__Data records__
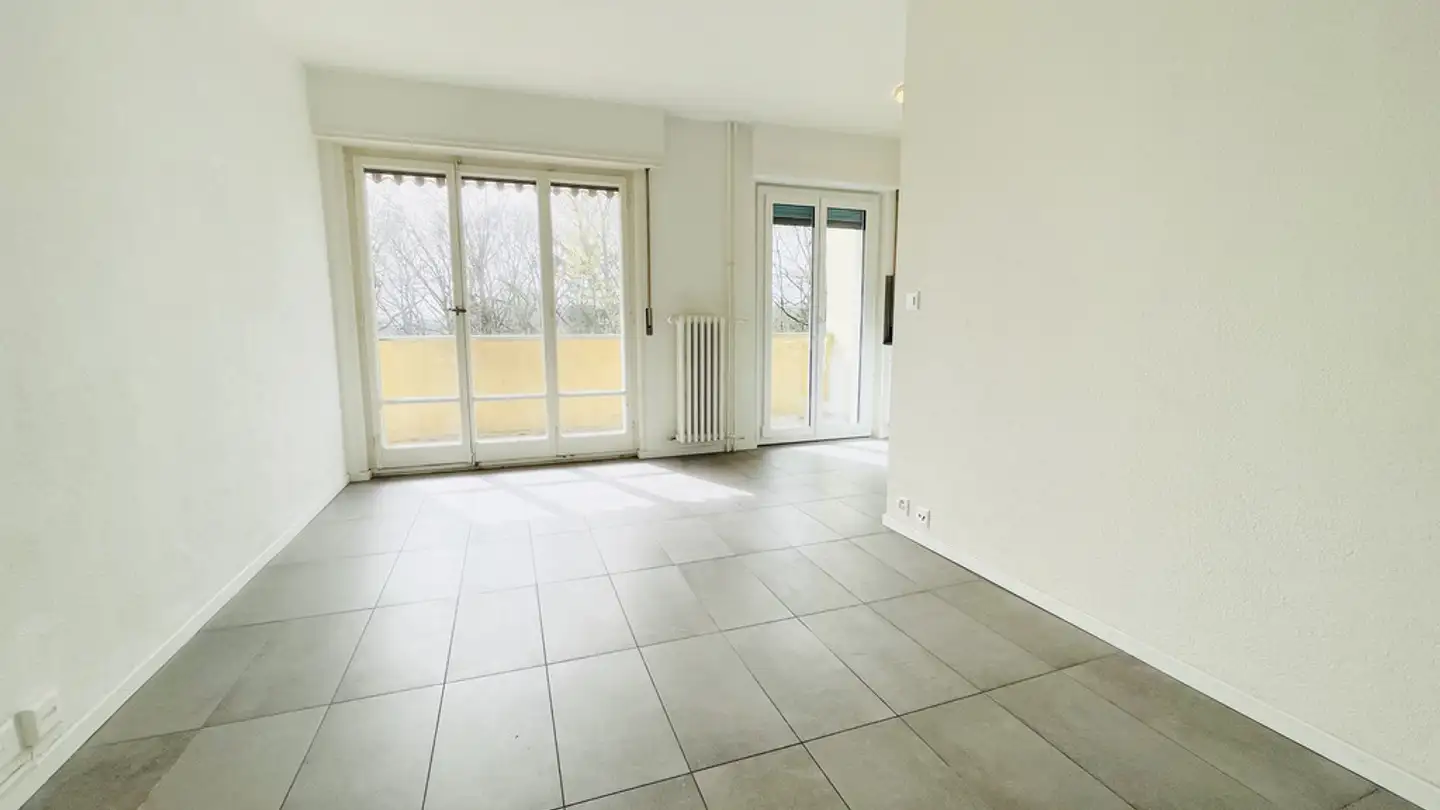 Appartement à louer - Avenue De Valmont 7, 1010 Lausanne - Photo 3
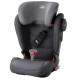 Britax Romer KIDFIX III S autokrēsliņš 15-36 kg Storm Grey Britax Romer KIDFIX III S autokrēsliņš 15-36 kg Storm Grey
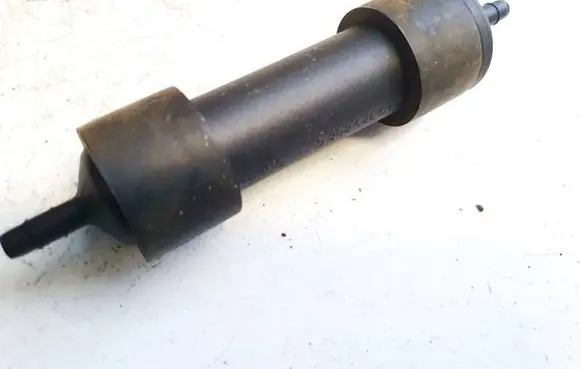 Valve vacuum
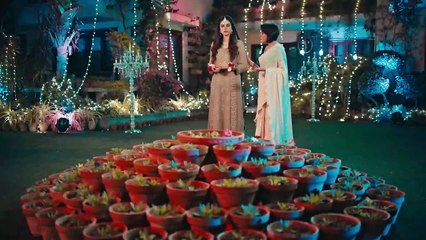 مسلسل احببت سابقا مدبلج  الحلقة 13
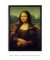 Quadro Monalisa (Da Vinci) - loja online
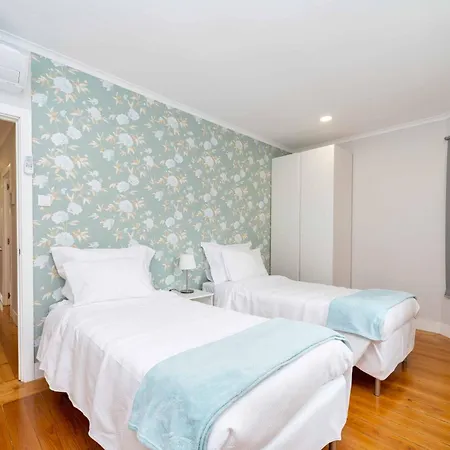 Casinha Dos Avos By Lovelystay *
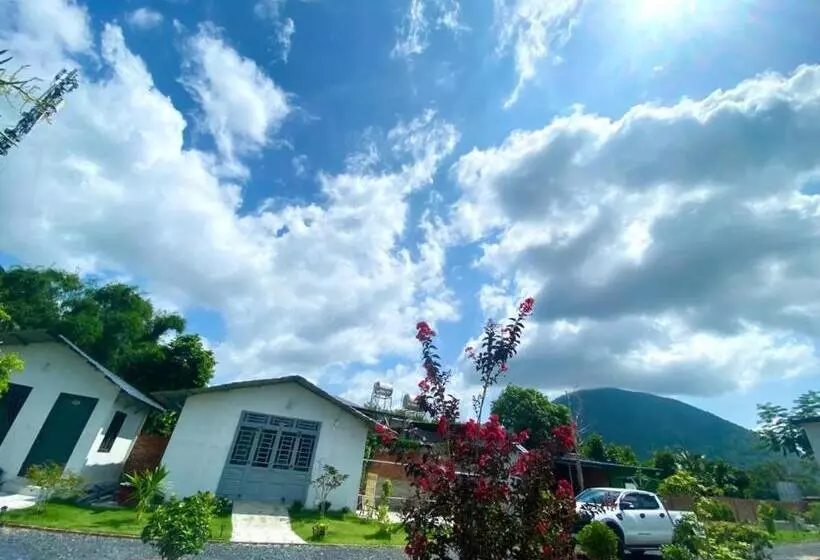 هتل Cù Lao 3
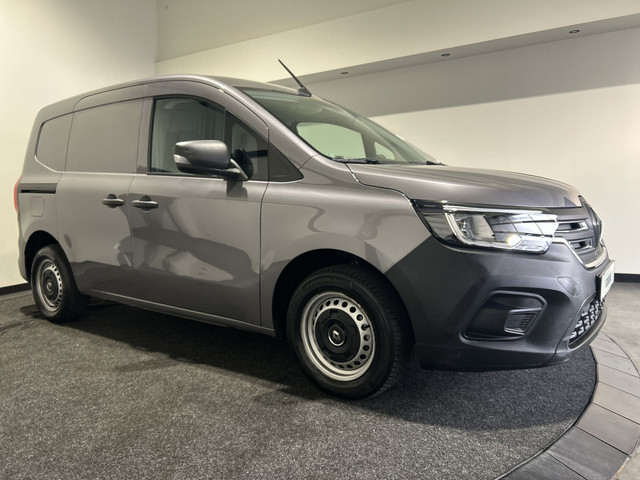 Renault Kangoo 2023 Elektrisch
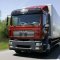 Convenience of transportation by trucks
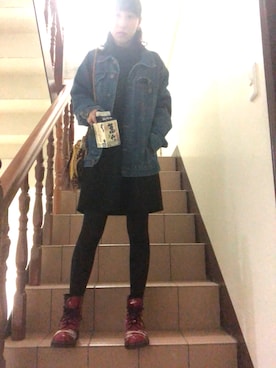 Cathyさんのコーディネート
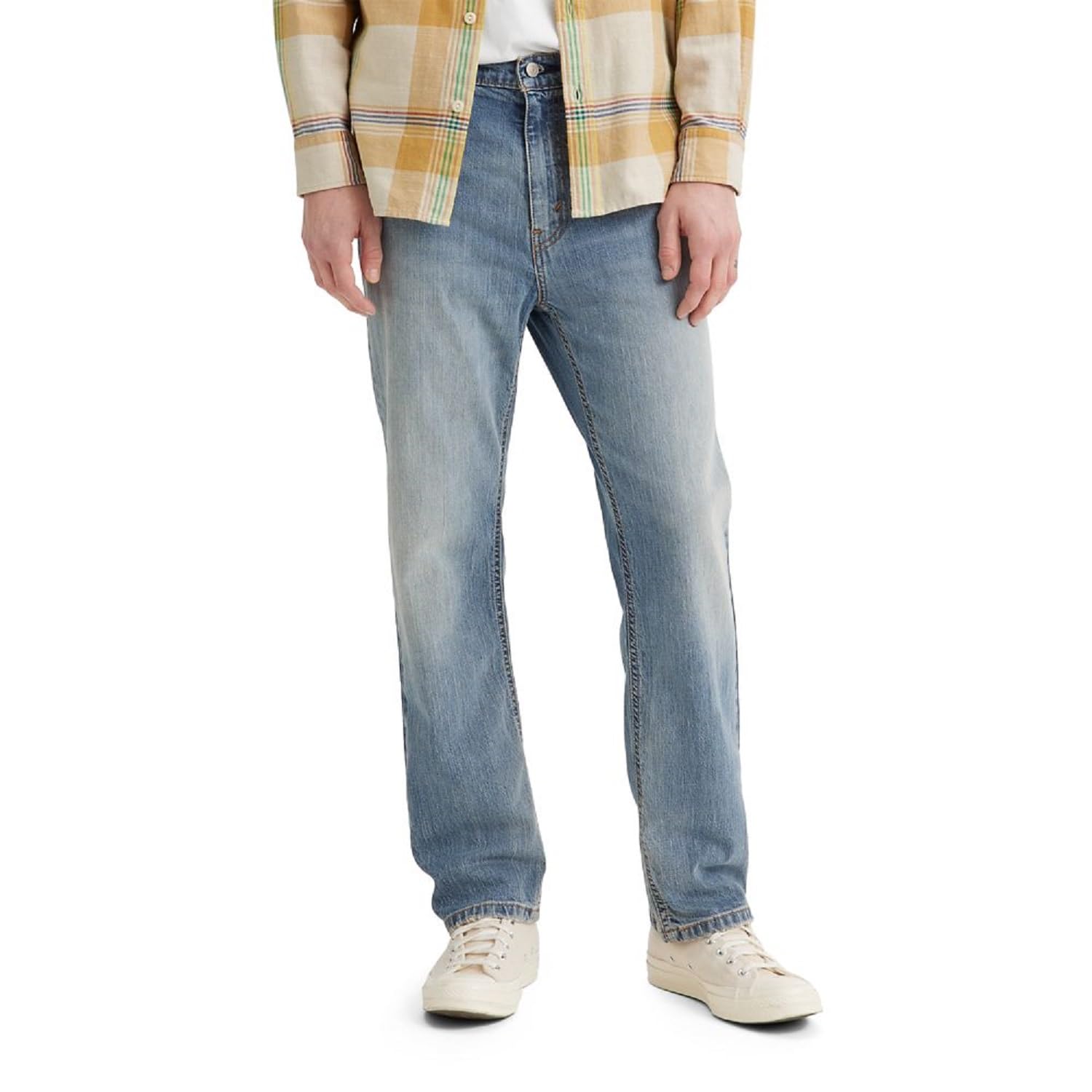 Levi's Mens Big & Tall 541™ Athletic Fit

__About this task__
Print all of the material exactly. Omit pictures.

__Answer__
 Appartement à louer - Avenue De Valmont 7, 1010 Lausanne - Photo 3
 Britax Romer KIDFIX III S autokrēsliņš 15-36 kg Storm Grey Britax Romer KIDFIX III S autokrēsliņš 15-36 kg Storm Grey
 Valve vacuum
 مسلسل احببت سابقا مدبلج  الحلقة 13
 Quadro Monalisa (Da Vinci) - loja online
 Casinha Dos Avos By Lovelystay *
 هتل Cù Lao 3
 Renault Kangoo 2023 Elektrisch
 Convenience of transportation by trucks
 Cathyさんのコーディネート
 Levi's Mens Big & Tall 541™ Athletic Fit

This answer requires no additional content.